▸ WHAT YOU ARE ASKED TO DO:
Instruction for the entries that follow: retype exactly the lines from the line with "Director Kim Chapter" to the line with "11312 Sedgefield Avenue Spring Hill FL 34608", both included, and omit all others.

▸ EXTRACTED INFORMATION:
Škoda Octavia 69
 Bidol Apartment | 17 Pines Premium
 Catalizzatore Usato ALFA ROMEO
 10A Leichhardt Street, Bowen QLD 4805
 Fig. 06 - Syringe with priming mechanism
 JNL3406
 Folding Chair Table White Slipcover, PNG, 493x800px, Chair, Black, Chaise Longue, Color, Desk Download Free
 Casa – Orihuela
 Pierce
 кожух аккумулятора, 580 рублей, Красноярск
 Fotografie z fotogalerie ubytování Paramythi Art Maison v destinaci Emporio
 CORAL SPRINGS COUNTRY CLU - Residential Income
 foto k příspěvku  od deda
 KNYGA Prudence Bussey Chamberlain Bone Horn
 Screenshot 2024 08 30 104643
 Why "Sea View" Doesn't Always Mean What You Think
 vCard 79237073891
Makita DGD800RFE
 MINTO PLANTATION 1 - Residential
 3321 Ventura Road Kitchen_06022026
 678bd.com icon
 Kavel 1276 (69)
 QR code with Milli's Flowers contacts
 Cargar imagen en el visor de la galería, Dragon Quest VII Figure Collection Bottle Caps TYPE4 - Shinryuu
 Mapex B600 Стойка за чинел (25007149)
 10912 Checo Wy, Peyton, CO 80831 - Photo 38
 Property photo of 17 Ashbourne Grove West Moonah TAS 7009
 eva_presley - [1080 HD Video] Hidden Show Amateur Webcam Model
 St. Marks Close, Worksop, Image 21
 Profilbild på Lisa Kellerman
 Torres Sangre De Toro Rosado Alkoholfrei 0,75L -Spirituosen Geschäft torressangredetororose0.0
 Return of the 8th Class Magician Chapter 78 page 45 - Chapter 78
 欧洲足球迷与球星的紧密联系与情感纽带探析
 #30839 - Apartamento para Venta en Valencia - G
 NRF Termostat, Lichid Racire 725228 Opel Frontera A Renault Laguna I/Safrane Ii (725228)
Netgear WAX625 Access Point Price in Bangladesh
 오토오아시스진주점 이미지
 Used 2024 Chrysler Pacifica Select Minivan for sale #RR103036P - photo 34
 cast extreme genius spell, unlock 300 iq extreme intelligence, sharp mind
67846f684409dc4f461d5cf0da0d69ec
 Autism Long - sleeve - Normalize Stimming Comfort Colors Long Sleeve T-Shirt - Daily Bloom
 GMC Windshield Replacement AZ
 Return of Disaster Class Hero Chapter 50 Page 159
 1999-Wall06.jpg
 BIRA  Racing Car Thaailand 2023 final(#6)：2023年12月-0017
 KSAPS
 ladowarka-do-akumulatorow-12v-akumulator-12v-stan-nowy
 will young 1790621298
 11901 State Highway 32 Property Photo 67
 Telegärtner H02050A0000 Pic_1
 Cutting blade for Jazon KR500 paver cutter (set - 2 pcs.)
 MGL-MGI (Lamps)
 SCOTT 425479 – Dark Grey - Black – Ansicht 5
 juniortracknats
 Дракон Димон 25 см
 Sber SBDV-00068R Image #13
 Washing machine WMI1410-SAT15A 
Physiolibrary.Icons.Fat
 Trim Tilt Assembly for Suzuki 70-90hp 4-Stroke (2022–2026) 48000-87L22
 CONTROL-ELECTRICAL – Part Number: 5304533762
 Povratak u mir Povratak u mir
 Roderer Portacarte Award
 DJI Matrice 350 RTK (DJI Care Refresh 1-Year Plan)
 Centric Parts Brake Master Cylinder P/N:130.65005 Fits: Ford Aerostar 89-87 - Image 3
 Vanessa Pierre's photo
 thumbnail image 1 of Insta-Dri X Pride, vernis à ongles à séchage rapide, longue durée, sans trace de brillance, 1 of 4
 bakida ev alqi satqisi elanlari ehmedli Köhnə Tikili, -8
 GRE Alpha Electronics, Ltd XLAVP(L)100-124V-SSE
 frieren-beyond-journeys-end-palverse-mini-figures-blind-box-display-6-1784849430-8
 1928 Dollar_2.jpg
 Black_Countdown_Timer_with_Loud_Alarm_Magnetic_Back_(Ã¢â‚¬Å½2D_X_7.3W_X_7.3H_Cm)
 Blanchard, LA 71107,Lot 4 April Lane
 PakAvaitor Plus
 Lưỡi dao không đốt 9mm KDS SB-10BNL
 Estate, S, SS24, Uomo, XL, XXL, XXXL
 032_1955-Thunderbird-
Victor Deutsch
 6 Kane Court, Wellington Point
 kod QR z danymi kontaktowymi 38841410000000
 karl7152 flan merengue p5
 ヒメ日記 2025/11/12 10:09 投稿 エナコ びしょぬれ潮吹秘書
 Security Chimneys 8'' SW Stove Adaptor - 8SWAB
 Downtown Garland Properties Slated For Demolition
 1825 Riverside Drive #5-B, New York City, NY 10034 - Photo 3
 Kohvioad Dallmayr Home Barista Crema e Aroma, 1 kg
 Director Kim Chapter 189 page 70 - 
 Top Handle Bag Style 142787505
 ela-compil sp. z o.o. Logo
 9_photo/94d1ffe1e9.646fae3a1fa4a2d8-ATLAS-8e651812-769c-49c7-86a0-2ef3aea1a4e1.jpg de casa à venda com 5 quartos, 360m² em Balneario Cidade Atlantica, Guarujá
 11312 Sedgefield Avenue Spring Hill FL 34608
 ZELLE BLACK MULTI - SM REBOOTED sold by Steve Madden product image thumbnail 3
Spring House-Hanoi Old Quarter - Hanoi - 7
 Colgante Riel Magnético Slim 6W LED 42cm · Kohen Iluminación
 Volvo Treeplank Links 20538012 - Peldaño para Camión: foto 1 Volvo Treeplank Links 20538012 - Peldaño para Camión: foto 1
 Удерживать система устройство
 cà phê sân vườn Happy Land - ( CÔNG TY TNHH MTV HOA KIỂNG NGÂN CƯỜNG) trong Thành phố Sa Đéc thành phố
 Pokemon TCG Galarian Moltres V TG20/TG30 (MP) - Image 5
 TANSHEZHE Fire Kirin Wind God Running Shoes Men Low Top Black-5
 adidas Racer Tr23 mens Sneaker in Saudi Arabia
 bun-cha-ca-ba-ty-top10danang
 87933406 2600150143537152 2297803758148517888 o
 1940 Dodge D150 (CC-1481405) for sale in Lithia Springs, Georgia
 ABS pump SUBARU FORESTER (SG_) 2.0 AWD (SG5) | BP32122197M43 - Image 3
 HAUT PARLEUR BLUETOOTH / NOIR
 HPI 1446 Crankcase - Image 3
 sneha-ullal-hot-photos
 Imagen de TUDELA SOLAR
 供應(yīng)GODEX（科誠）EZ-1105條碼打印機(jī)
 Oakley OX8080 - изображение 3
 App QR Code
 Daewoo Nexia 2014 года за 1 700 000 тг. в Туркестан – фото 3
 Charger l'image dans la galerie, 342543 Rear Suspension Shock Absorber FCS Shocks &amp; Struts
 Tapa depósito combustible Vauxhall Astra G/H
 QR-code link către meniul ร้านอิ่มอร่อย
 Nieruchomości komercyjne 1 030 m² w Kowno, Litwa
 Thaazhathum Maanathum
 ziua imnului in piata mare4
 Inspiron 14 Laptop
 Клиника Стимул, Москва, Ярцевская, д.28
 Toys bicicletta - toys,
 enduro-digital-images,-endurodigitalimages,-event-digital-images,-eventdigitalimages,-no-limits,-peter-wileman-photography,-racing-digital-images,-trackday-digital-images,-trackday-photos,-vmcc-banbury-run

▸ ANSWER FOR THE TASK:
 Director Kim Chapter 189 page 70 - 
 Top Handle Bag Style 142787505
 ela-compil sp. z o.o. Logo
 9_photo/94d1ffe1e9.646fae3a1fa4a2d8-ATLAS-8e651812-769c-49c7-86a0-2ef3aea1a4e1.jpg de casa à venda com 5 quartos, 360m² em Balneario Cidade Atlantica, Guarujá
 11312 Sedgefield Avenue Spring Hill FL 34608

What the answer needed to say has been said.